ChamberFest Cleveland continued their winning ways for the penultimate concert in this year’s festival, giving a fresh take on the ritual of the concert experience as well as performing Tan Dun’s ritualistic Ghost Opera with brand new choreography.
As the audience entered Kulas Hall at the Cleveland Institute of Music, they found intriguing groups of instruments set around the stage. The six players for the first half of the program entered together downstage at the beginning, at which the stage curtain closed behind them and stage and house lights were dimmed to complete darkness. The stage lights then came up focused downstage center on three percussionists (Alex Cohen, Scott Christian, and Luke Rinderknecht) who began the program with John Cage’s Amores III. Trio Seven Wood Blocks, not Chinese. The sounds were delicate and soft, the rhythms tranquil. If one can conceive of “whispering” percussion, this was it. At the end of the movement, the lights went down, and a few seconds later came up again on a second more elaborate percussion grouping the same players for Brazilian Alexandre Lunsqui’s Shi (“Food”) for an unusual, eclectic mixture of objects used percussively: among others, threaded metal rods rubbed together; tuning forks; bamboo place mats “strummed”; barbeque metal grills. The charming and fun piece had elements of humor and seeming competition between the players.
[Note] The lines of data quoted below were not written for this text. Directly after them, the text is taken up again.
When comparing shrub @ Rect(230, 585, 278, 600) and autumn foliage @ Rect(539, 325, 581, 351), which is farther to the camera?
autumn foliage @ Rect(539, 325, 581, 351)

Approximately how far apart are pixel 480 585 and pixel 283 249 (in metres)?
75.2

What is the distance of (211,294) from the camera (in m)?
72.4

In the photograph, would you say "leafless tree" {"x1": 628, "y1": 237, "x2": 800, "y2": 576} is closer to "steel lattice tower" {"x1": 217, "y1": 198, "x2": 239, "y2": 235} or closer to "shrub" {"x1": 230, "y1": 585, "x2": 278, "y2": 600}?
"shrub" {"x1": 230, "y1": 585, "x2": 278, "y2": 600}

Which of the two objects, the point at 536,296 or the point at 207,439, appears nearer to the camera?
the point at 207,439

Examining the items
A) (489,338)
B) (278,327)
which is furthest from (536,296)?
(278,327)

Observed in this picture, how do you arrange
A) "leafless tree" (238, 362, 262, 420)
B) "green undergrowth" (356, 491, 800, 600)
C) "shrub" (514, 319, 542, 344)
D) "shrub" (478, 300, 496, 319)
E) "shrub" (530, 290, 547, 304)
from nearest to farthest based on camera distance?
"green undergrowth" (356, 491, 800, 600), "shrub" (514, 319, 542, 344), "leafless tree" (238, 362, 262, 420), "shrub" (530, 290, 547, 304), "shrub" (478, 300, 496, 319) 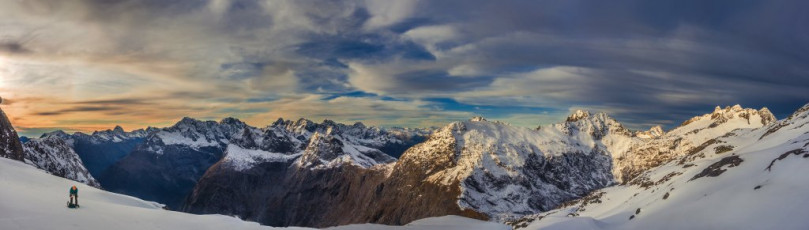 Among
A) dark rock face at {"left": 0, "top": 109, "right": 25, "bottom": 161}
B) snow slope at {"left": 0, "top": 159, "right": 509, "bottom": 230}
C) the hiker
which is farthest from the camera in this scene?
dark rock face at {"left": 0, "top": 109, "right": 25, "bottom": 161}

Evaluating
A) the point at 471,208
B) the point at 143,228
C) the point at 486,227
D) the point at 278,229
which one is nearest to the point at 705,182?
the point at 486,227

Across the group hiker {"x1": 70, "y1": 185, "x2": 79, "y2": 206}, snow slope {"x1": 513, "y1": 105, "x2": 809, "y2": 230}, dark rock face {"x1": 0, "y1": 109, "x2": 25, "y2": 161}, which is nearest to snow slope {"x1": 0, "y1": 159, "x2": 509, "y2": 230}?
hiker {"x1": 70, "y1": 185, "x2": 79, "y2": 206}

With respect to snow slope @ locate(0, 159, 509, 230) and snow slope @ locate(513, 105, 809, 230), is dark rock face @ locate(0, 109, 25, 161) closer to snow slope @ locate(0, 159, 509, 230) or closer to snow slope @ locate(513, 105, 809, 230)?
snow slope @ locate(0, 159, 509, 230)

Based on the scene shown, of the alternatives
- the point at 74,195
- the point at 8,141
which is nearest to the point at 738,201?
the point at 74,195

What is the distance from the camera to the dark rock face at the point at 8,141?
9469 centimetres

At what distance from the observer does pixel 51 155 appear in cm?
19325

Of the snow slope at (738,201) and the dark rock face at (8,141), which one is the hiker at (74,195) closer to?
the snow slope at (738,201)

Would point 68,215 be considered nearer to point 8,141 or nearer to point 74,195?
point 74,195

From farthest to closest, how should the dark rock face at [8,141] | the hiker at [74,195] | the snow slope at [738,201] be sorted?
the dark rock face at [8,141]
the snow slope at [738,201]
the hiker at [74,195]

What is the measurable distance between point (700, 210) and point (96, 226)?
1316 inches

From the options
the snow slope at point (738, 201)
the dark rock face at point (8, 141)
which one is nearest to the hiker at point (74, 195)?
the snow slope at point (738, 201)

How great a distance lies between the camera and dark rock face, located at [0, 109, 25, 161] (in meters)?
94.7

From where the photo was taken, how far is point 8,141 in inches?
3996

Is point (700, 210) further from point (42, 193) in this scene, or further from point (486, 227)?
point (42, 193) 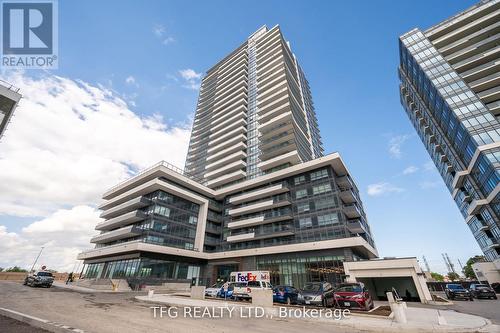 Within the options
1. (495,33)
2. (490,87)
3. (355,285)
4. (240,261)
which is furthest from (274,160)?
(495,33)

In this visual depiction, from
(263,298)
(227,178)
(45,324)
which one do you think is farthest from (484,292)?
→ (227,178)

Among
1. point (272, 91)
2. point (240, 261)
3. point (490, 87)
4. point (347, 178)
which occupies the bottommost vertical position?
point (240, 261)

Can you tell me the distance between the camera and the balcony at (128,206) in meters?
42.2

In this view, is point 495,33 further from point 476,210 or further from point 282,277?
point 282,277

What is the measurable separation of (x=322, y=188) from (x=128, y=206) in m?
37.9

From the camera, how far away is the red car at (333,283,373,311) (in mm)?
14133

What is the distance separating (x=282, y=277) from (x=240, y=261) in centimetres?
914

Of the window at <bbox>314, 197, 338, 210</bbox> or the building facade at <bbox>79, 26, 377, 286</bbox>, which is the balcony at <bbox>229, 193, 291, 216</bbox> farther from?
the window at <bbox>314, 197, 338, 210</bbox>

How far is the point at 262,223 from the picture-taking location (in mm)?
44156

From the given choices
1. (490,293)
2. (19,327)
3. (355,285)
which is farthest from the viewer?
(490,293)

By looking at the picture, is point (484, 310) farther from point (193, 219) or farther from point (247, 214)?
point (193, 219)

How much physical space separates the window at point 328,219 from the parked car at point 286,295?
63.2 ft

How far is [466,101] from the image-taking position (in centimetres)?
4478

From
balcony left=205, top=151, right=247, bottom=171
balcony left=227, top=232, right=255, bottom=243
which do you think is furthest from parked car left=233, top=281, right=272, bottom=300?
balcony left=205, top=151, right=247, bottom=171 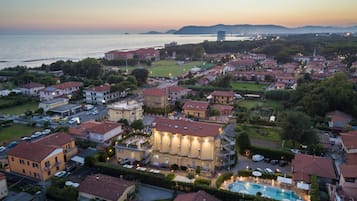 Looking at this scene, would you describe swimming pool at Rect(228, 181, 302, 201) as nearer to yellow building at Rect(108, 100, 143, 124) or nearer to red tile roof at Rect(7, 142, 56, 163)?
red tile roof at Rect(7, 142, 56, 163)

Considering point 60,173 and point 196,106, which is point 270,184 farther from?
point 196,106

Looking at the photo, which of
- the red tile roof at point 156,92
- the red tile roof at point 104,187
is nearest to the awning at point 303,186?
Result: the red tile roof at point 104,187

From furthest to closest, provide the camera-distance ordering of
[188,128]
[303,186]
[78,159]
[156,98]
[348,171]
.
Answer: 1. [156,98]
2. [78,159]
3. [188,128]
4. [303,186]
5. [348,171]

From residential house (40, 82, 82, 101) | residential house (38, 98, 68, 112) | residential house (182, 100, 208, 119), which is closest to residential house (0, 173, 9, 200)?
residential house (38, 98, 68, 112)

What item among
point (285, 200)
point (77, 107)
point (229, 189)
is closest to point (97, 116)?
point (77, 107)

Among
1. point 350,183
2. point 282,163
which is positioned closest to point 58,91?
point 282,163

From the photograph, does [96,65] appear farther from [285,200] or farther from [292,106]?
[285,200] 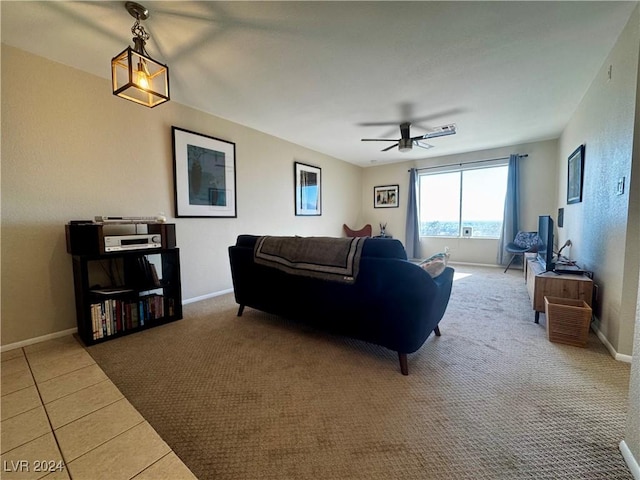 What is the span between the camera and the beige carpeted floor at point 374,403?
107 cm

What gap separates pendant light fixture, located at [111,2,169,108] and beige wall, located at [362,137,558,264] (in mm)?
5329

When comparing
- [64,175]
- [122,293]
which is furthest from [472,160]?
[64,175]

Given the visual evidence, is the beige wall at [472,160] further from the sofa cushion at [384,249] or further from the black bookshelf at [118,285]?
the black bookshelf at [118,285]

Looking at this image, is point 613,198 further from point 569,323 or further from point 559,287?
point 569,323

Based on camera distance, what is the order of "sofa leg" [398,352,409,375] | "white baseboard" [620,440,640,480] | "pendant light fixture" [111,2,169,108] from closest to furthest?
"white baseboard" [620,440,640,480], "pendant light fixture" [111,2,169,108], "sofa leg" [398,352,409,375]

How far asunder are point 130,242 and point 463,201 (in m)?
5.88

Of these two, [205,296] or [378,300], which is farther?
[205,296]

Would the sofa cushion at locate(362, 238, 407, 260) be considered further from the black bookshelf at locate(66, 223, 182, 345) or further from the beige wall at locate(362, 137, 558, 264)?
the beige wall at locate(362, 137, 558, 264)

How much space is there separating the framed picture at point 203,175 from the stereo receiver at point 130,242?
0.68m

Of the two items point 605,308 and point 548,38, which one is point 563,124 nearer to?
point 548,38

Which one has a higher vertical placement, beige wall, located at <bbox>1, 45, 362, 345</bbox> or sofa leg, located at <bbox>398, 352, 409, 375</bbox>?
beige wall, located at <bbox>1, 45, 362, 345</bbox>

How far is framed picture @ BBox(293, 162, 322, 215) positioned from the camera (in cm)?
471

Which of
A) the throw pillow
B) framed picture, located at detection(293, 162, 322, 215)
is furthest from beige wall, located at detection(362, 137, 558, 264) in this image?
the throw pillow

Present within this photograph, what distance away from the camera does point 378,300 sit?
68.1 inches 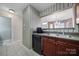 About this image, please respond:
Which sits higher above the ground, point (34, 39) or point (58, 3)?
point (58, 3)

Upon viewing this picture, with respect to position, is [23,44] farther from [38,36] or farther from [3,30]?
[3,30]

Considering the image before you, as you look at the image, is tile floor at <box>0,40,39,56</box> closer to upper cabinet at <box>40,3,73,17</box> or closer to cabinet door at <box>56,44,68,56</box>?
cabinet door at <box>56,44,68,56</box>

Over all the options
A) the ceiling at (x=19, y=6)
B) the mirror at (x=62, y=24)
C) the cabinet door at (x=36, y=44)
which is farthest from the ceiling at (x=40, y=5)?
the cabinet door at (x=36, y=44)

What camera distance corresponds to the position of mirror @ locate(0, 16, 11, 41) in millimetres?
1957

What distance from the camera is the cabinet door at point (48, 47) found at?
1960mm

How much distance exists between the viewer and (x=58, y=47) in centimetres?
192

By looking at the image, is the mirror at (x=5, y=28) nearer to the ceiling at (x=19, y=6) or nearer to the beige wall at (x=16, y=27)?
the beige wall at (x=16, y=27)

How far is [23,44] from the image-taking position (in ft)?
6.53

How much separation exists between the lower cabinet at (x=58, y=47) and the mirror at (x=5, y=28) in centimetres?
70

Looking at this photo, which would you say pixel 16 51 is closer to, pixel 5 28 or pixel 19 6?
pixel 5 28

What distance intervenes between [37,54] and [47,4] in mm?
966

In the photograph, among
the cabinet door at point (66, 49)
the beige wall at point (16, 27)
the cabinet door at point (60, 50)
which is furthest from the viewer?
the beige wall at point (16, 27)

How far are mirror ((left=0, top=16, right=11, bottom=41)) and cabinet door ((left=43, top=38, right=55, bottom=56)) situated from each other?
73 centimetres

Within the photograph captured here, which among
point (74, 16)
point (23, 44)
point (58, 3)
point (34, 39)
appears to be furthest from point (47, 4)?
point (23, 44) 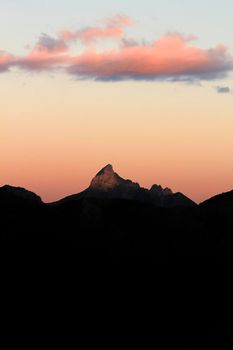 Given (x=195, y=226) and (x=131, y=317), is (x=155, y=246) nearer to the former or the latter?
(x=195, y=226)

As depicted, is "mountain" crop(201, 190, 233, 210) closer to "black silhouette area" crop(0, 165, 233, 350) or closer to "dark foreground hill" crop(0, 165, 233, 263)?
"black silhouette area" crop(0, 165, 233, 350)

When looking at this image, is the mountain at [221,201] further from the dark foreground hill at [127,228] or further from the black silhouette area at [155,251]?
the dark foreground hill at [127,228]

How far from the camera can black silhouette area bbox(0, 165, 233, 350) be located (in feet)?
335

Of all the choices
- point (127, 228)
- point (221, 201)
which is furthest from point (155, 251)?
point (221, 201)

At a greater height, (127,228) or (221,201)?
(221,201)

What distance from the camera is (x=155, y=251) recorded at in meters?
116

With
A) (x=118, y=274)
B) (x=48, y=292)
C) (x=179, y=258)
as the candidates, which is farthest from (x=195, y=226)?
(x=48, y=292)

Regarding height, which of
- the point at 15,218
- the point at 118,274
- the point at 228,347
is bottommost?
the point at 228,347

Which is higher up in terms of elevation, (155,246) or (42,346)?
(155,246)

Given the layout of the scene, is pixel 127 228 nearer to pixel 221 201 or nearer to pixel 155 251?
pixel 155 251

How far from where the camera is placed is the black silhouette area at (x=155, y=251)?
10219 cm

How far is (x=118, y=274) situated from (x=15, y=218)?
61.7 ft

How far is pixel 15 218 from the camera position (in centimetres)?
12000

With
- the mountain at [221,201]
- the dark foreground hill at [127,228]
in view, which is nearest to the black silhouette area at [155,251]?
the dark foreground hill at [127,228] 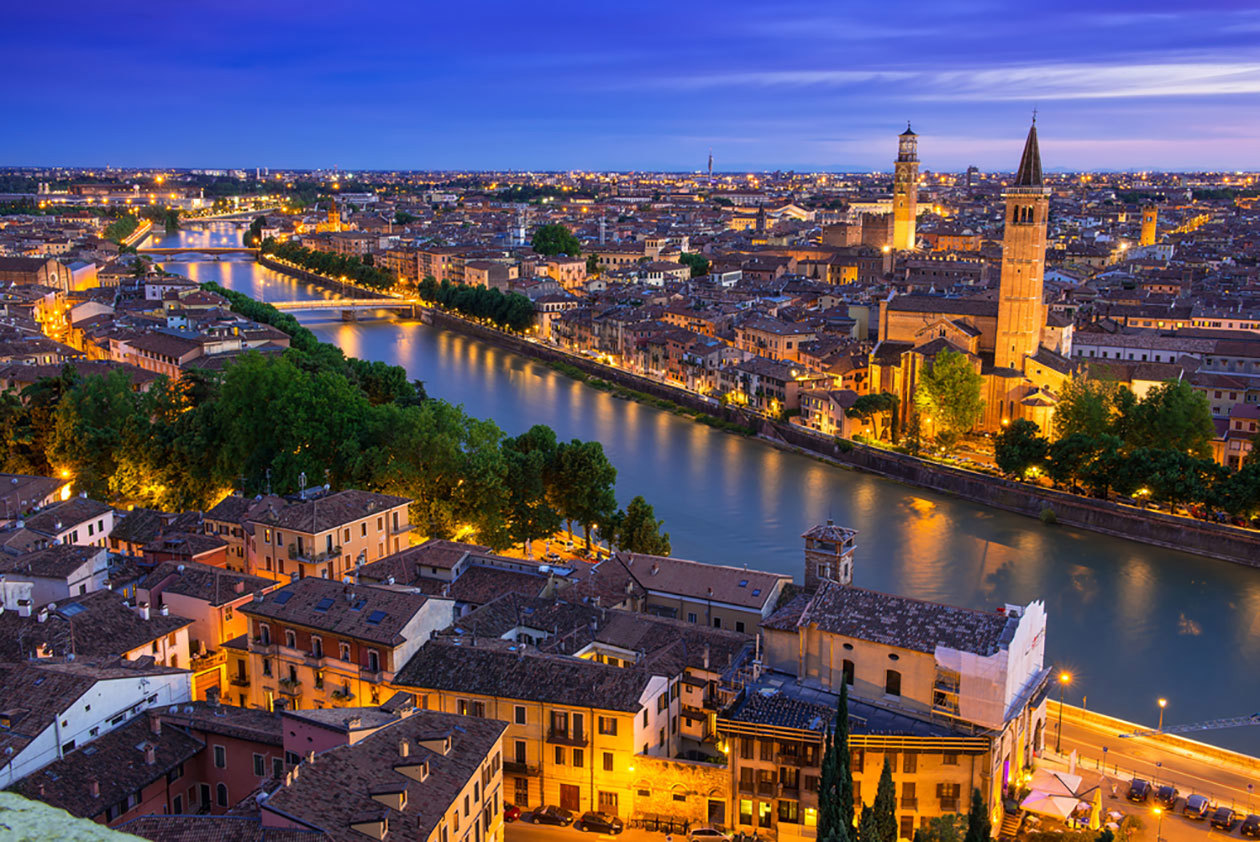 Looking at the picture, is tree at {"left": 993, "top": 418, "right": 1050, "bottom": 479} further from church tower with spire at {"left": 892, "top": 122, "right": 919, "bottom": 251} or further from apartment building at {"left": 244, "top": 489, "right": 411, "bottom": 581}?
church tower with spire at {"left": 892, "top": 122, "right": 919, "bottom": 251}

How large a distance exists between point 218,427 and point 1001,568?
754 centimetres

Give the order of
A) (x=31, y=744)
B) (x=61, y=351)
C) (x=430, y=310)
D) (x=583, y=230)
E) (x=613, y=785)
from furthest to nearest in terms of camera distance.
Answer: (x=583, y=230) → (x=430, y=310) → (x=61, y=351) → (x=613, y=785) → (x=31, y=744)

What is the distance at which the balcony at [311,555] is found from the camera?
771 cm

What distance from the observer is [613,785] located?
5.29 meters

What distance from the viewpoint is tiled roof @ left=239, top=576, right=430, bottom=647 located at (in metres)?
5.73

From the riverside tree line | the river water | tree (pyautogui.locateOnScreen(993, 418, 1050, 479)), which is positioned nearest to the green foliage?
the river water

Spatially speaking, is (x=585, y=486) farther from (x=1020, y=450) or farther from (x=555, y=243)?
(x=555, y=243)

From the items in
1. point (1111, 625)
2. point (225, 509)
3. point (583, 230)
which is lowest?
point (1111, 625)

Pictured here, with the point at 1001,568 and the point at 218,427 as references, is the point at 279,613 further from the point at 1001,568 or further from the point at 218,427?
the point at 1001,568

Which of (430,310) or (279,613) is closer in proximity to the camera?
(279,613)

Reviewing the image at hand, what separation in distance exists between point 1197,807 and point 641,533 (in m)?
4.53

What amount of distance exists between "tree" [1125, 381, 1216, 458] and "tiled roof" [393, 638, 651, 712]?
26.1 feet

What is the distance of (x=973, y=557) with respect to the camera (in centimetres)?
995

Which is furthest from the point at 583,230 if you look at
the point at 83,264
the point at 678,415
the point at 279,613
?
the point at 279,613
Again at the end of Lusqui’s work, the lights dimmed and in darkness the players moved to the third set-up, stage right, for a wall-shaking performance of the third movement of Serbian-born Nebojsa Jovan Zivkovic’s Trio per uno, op. 27. Each of the three players had two tom-toms and a snare drum, played often in unison in increasing complex rhythmic patterns, and also requiring the players to shout at various times while they are playing. The overall aspect is that of Brazilian carnival drumming, or, perhaps more familiar to American listeners, the drum lines of the best American collegiate marching bands. But then, it abruptly ended, and we were plunged back into darkness.
When the lights came back up, the percussionists were seated primly against the stage wall, and the other three musicians, Yehonatan Berick (violin), Robert deMaine (cello), and Roman Rabinovich (piano), launched without pause into a riveting performance of Shostakovich’s Trio no. 2 for Violin, Cello and Piano in E minor, Op.67. From the first pianissimo cello harmonics, followed by sinuous themes in the violin and piano, the first movement was a somber tribute to Shostakovich’s close friend Ivan Sollertinsky, whose sudden death prompted the composition of the trio in 1943. Later the trio turns rambunctious, with material in the style of folk songs. The fourth movement was memorable in the commitment of the players to the many effects required by the composer: pizzicato, strumming the strings, a thunderous and urgent climax, followed by delicately rippling arpeggios in the piano and long melodies in the strings. At the end, there was a standing ovation for all of the first-half performers. Credit is also do to the presenters for experimenting with the concert experience, drawing diverse works into a creative whole.